Esperó una respuesta por parte de su compañero que no acababa de llegar. Mientras tanto, una sombra oscureció los ojos claros del hombre, alejando así cualquier atisbo de buen humor. Clint se removió en su asiento, incómodo por primera vez desde que llegara.

—¿Y qué piensas que podemos hacer? —le respondió—. Si llega a confirmarse lo de la agencia.

—Se confirmará —contestó Natasha, por completo segura de ello. Aunque le disgustara pensarlo, estaba convencida.

Los largos dedos de Clint tamborilearon una vez más sobre la mesa.

—¿Sabes una cosa? Cruzaremos ese puente cuando lleguemos a él. Mientras tanto, me voy —se deslizó hasta el borde por el asiento de piel sintética y se puso en pie. Natasha alzó la cabeza para mirarlo.

—¿Te marchas?

Él asintió con rotundidad, mientras se colocaba adecuadamente el cuello de la chaqueta y la capucha utilizando el cristal de la ventana a modo de espejo. Bajó la mirada para encontrar la de ella.

—Sí. Es temprano, así que me vuelvo a la cama — respondió. Y con una amplia sonrisa que iluminó sus facciones, preguntó, bajando un poco el tono de voz e inclinándose sobre la mesa, acercándose —: ¿Vienes conmigo?

Las sonrisas fáciles y los cómodos silencios se esfumaron de repente. Natasha clavó sus ojos en él, sin decir nada. El ambiente se hizo pesado y una descarga eléctrica la sacudió, desde la base del cuello hasta las nalgas, recorriendo toda su espina dorsal. Sus manos, escondidas bajo la mesa, se agarraron con fuerza a sus rodillas, clavando los dedos en ellas. Era muy consciente de la cercanía de Clint. Podía notar el suave aire que exhalaba y su calor, el peso de su mirada sobre ella. No debería ponerla nerviosa, se dijo una y otra vez. No debería estarlo, pero lo estaba. Y, por un breve instante, se sintió estúpida por ello, porque no tenía razones para sentirse de aquella manera.

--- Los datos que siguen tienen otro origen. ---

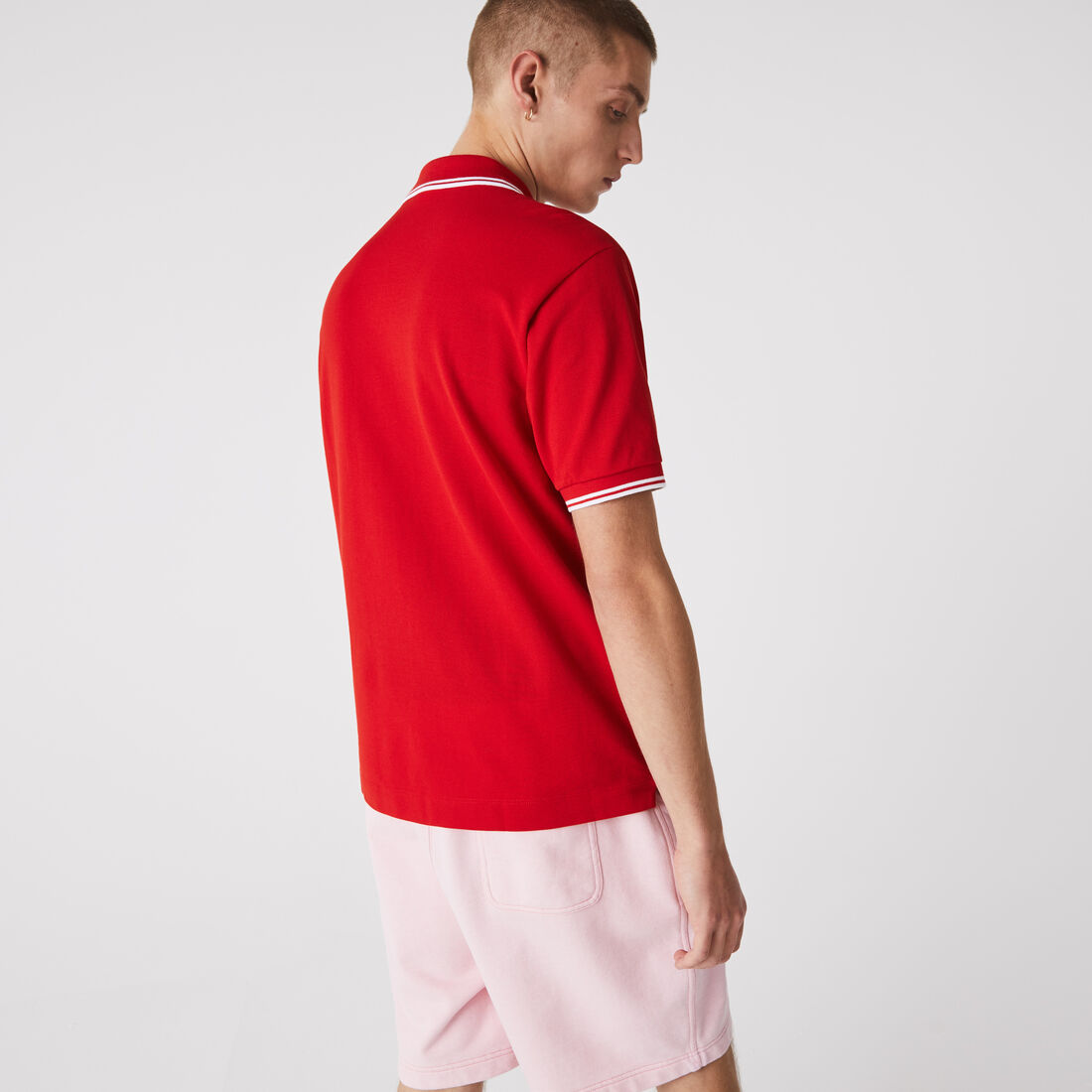 Men’s Lacoste Classic Fit Striped Accents Cotton Piqué Polo Shirt Men’s Lacoste Classic Fit Striped Accents Cotton Piqué Polo Shirt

Aquel tira y afloja entre ambos, aquella manifiesta tensión sexual, que aparecía cuando bajaban la guardia y que mantenían desde no recordaba cuándo, se acabaría en el momento en que ella le respondiera acorde con lo que sentía y con lo que deseaba. Si la ocasión fuese aquella, en ese mismo día, en ese mismo instante, lo haría tomándolo de la mano y yéndose con él a su apartamento, ese que había visitado tantas veces, pero nunca para quedarse. Pero no había nada como el sexo para joder una amistad, se recordó, como si un pie invisible le hubiese dado una patada en el centro de su estómago. Y ella le debía mucho a Clint, más de lo que jamás podría llegar a devolverle, para correr el riesgo de echarlo a perder por un polvo. O dos.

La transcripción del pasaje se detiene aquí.